• **Prompt**
The response should consist of every line below, restated exactly, with no pictures.

• **Information shown**
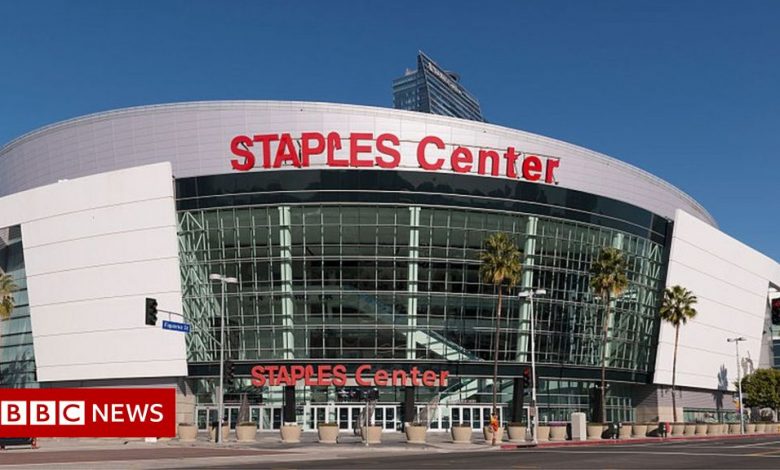 LA's Staples Center Renamed After Crypto Company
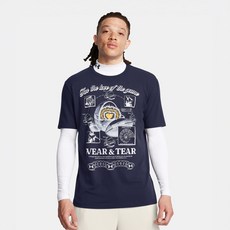 UNDER ARMOUR 安德瑪 男款 UA Love of the Game 短袖T恤 1386809-410
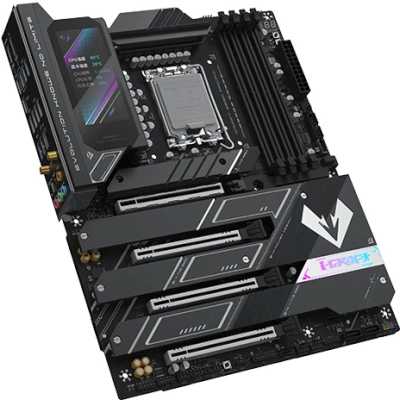 материнская плата Maxsun iCraft Z890 Pacific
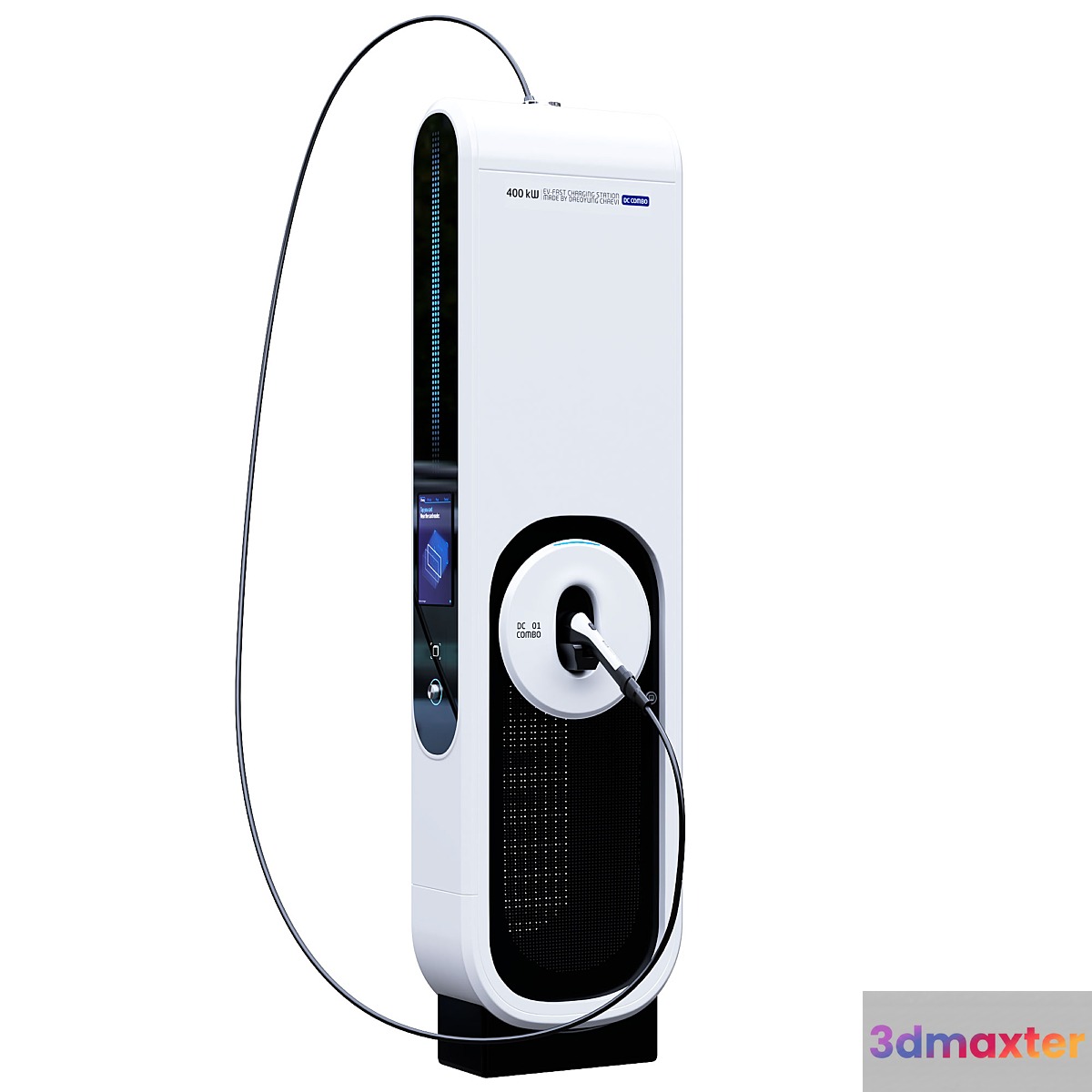 Chaevi Ultra Fast Ev Charger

• **Solved problem**
 LA's Staples Center Renamed After Crypto Company
 UNDER ARMOUR 安德瑪 男款 UA Love of the Game 短袖T恤 1386809-410
 материнская плата Maxsun iCraft Z890 Pacific
 Chaevi Ultra Fast Ev Charger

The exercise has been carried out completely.